*** Opening of Task material ***

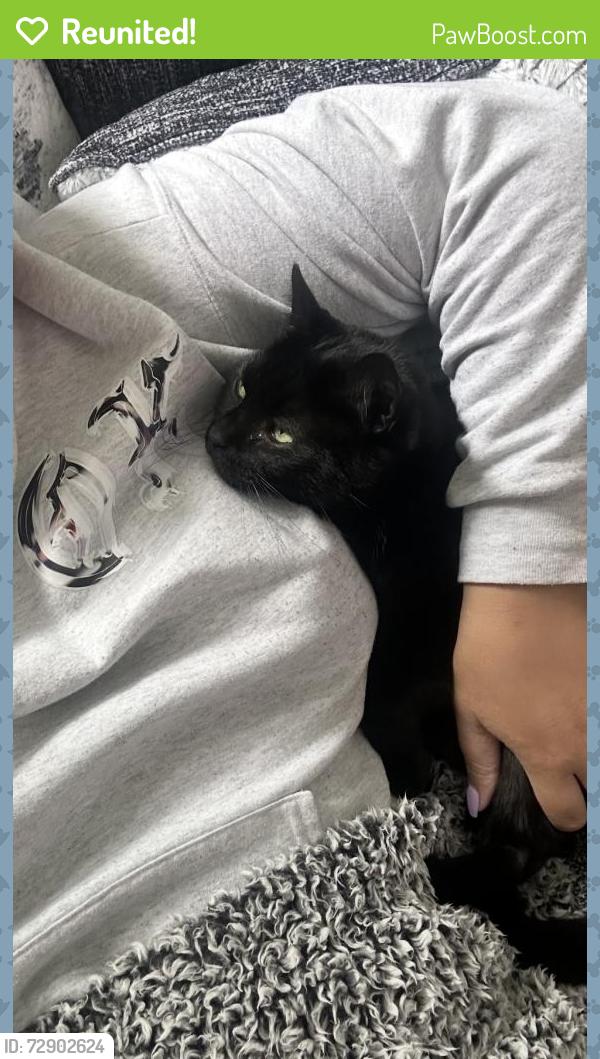 Reunited Male Cat last seen Near e 33rd st, Tulsa, OK 74145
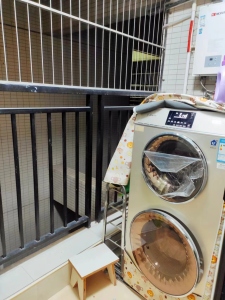 狮城国际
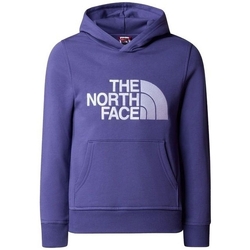Textil Chlapecké Teplákové soupravy The North Face BOY'S DREW PEAK P/O HOODI Modrá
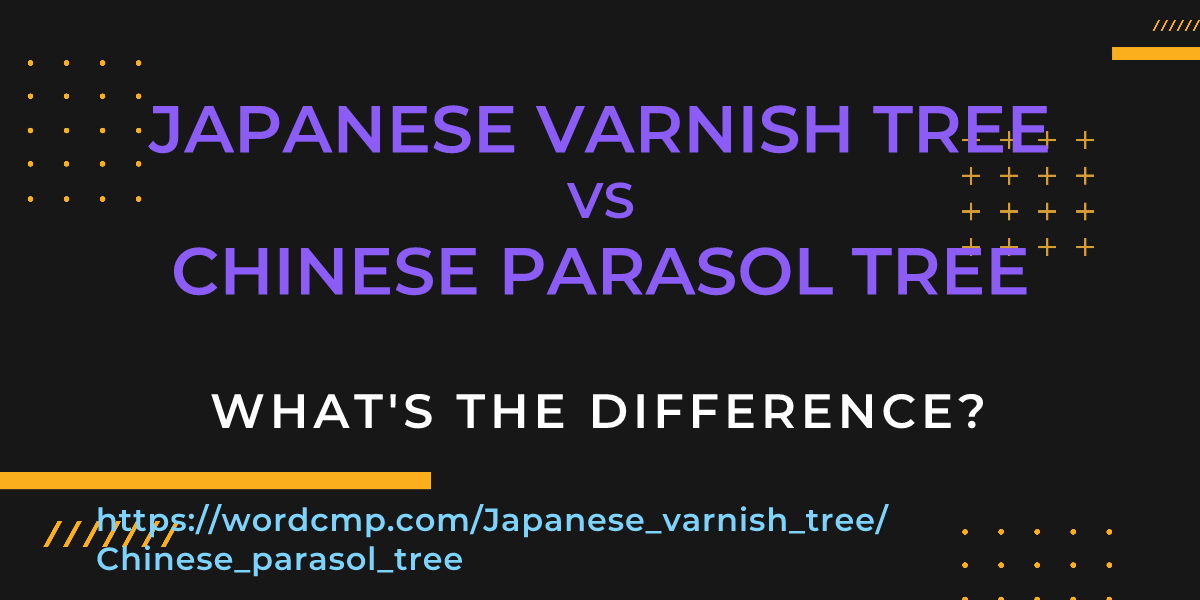 Difference between Japanese varnish tree and Chinese parasol tree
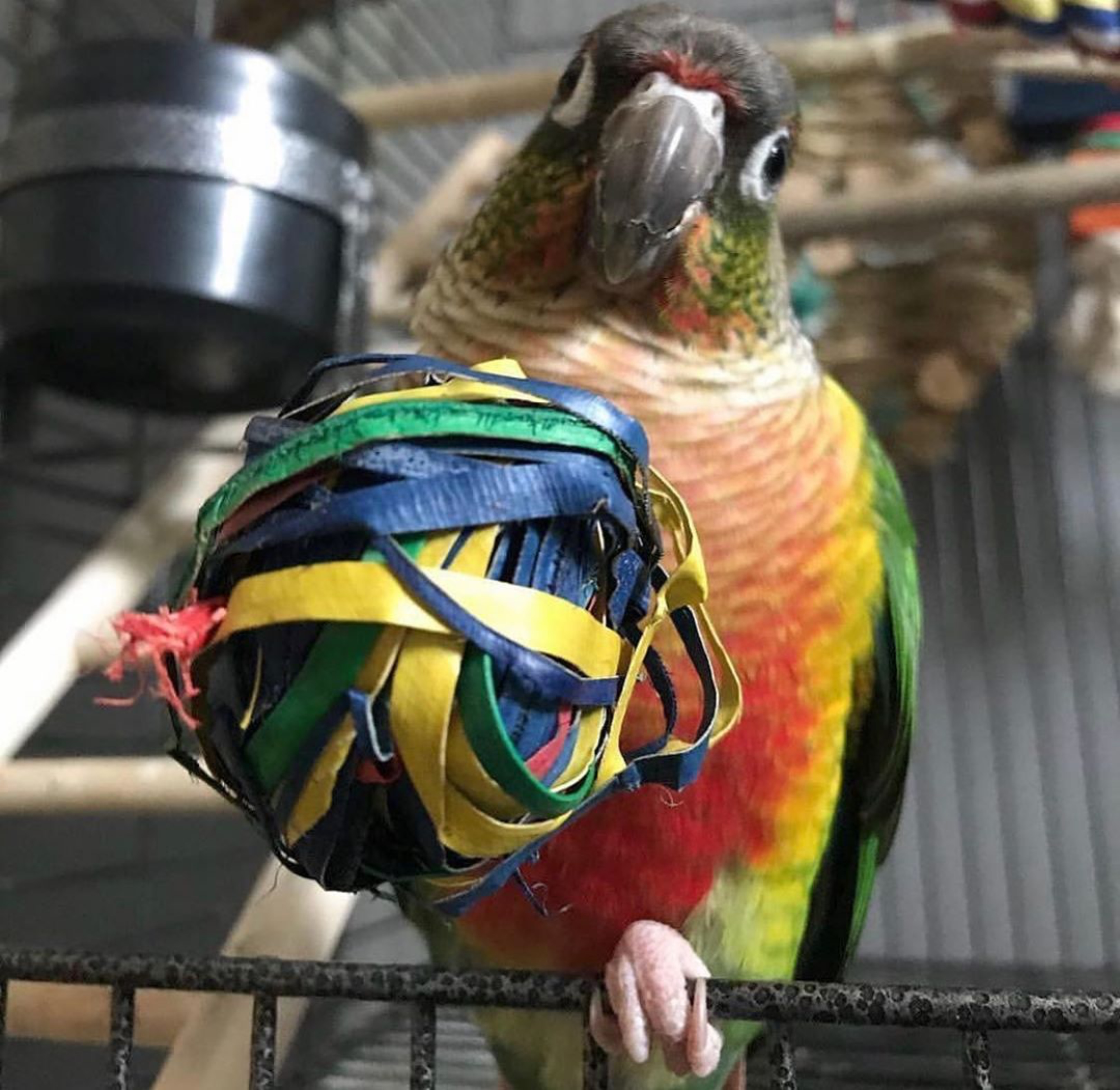 Conure with his Planet Pleasures Foot Toy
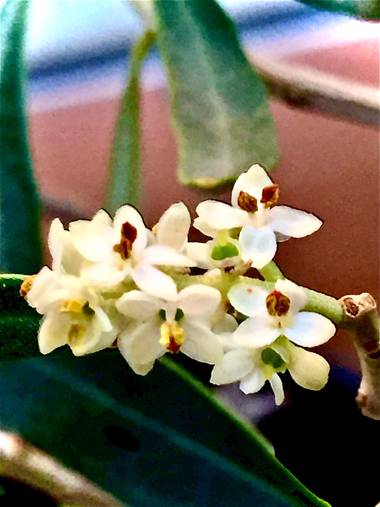 Erikalan9 en Hamelin: Flora  (Sant Cugat del Vallès)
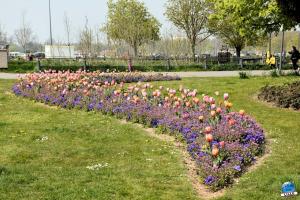 Printemps 2021 - 255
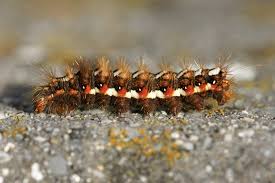 Attēlu rezultāti vaicājumam “Acronicta rumicis imago”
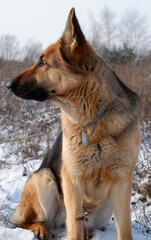 German shepherd dog sitting on white snow in a field.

*** Close of Task material ***

▸ Instructions for the task: Write out the records above exactly as they appear, leaving out any pictures.

▸ Solution:
 Reunited Male Cat last seen Near e 33rd st, Tulsa, OK 74145
 狮城国际
Textil Chlapecké Teplákové soupravy The North Face BOY'S DREW PEAK P/O HOODI Modrá
 Difference between Japanese varnish tree and Chinese parasol tree
 Conure with his Planet Pleasures Foot Toy
 Erikalan9 en Hamelin: Flora  (Sant Cugat del Vallès)
 Printemps 2021 - 255
 Attēlu rezultāti vaicājumam “Acronicta rumicis imago”
 German shepherd dog sitting on white snow in a field.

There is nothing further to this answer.